Les glomérulopathies exposent à un risque d’hypertension artérielle et de thromboembolie. La pression artérielle systolique moyenne (PAS) est mesurée à 170 mmHg par la méthode oscillométrique (high-definition oscillometry), ce qui correspond à une hypertension modérée. La chienne étant extrêmement agitée, le résultat est cependant à interpréter avec prudence. Par précaution, un fond d’œil est réalisé. Il ne montre aucun signe de rétinopathie hypertensive nécessitant une prise en charge de l’hypertension à ce stade. L’activité de l’antithrombine III est normale (93 %, valeur usuelle de 70 à 150 %) et n’est pas en faveur d’un état d’hypercoagulabilité.

Traitement

La chienne reçoit une fluidothérapie à base de chlorure de sodium à 0,9 % (à raison de 4 ml/kg par heure pendant 24 heures, puis au débit d’entretien de 2 ml/kg par heure) et un traitement antibiotique (oxytétracycline à la posologie de 10 mg/kg une fois par jour par voie intraveineuse pendant six jours). L’antibiothérapie est instaurée lors de la prise en charge compte tenu de l’activité de chasse, et poursuivie jusqu’à l’obtention des résultats négatifs de la PCR leptospirose et de l’ECBU. Elle reçoit également un traitement symptomatique du syndrome urémique (citrate de maropitant à la dose de 1 mg/kg une fois par jour). Une fois la protéinurie confirmée par le RPCU, un inhibiteur de l’enzyme de conversion de l’angiotensine (IECA) est ajouté (bénazépril à raison de 0,5 mg/kg une fois par jour par voie orale). Le lendemain, la température rectale est normale lors des contrôles, ce qui oriente vers une hyperthermie et non une fièvre. La chienne est hospitalisée durant sept jours, mais reste agitée en permanence.
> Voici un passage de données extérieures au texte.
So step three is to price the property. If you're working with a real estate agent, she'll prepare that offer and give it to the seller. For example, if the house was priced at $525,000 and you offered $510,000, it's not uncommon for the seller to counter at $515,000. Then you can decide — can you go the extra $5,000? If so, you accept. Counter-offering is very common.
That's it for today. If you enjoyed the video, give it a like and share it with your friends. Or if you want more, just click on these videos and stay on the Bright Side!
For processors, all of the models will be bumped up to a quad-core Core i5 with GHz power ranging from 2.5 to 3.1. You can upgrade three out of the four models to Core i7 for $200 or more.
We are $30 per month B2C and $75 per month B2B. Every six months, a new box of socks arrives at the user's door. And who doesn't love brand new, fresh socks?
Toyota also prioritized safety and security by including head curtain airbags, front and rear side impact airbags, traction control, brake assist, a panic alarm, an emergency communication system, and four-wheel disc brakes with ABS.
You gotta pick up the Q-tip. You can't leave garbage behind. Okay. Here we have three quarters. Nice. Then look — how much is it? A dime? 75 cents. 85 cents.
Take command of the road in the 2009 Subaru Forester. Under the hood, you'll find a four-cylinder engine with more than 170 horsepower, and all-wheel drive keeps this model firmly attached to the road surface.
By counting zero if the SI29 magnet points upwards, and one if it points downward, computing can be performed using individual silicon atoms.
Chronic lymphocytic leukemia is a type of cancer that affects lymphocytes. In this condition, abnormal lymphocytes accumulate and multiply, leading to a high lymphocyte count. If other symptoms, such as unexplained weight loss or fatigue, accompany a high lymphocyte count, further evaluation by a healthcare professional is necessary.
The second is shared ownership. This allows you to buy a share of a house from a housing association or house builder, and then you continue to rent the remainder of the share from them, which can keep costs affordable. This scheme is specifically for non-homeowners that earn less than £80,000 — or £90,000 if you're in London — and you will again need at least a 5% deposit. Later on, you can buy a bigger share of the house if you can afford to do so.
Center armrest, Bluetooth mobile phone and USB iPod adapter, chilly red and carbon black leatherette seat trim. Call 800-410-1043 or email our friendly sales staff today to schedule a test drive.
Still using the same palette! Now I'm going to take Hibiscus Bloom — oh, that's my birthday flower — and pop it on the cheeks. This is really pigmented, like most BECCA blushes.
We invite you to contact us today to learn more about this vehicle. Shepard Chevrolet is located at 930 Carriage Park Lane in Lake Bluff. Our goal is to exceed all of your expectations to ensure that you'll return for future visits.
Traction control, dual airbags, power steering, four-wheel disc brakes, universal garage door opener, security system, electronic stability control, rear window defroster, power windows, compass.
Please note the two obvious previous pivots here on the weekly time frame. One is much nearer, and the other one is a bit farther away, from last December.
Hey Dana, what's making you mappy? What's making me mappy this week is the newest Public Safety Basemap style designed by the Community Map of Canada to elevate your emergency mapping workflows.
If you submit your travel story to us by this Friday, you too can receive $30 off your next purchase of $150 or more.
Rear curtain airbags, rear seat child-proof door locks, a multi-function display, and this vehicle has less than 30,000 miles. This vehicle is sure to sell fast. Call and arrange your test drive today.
Elle s’alimente uniquement en présence de ses propriétaires et refuse l’alimentation spécifique à base de protéines de bonne qualité et hypophosphorée qui est préconisée (Renal de Royal Canin). Un régime ménager avec un chélateur de phosphore (carbonate de calcium à raison de 5 g deux fois par jour) est donc mis en place et le retour à domicile décidé, avec la poursuite du traitement par voie orale.

Suivi

À J14

Durant les deux premières semaines qui suivent la prise en charge initiale, les paramètres rénaux sont régulièrement surveillés pour évaluer la progression des lésions rénales (mesure de l’urée et de la créatininémie tous les trois jours et dosage hebdomadaire du RPCU) (figure). Le phosphore, l’ionogramme et la numérationformule sont aussi réévalués la semaine qui suit le retour au domicile. L’azotémie progresse pendant les sept premiers jours, puis l’urémie reste élevée, tandis que la créatininémie diminue, parallèlement à la perte de masse musculaire, importante durant cette période. La protéinurie augmente rapidement, le RPCU passant de 6,6 à 22,98 en une semaine. L’hyperphosphatémie persiste, les autres paramètres ioniques restent stables. L’hypoalbuminémie s’accentue (18 UI au dixième jour). Le bénazépril est donc augmenté, après chaque évaluation du RPCU, par palier de 0,5 mg jusqu’à 1 mg/kg deux fois par jour. Une numération-formule, réalisée dix jours après l’analyse initiale, révèle une anémie normochrome normocytaire arégénérative modérée (interprétée en lien avec une maladie inflammatoire chronique et/ou un déficit en érythropoïétine) (tableau 7 et photo 2). La pression artérielle systolique est réévaluée dix jours après la mesure initiale et affiche une valeur augmentée à 200 mmHg, qui correspond à une hypertension élevée Compte tenu de cette augmentation, le fond d’œil est de nouveau contrôlé sans révéler de lésions hypertensives. La dose de bénazépril venant d’être augmentée, il est décidé de ne pas ajouter d’agent antihypertenseur immédiatement, mais de l’introduire si l’hypertension (PAS supérieure à 180 mmHg) persiste au contrôle prévu quelques jours plus tard.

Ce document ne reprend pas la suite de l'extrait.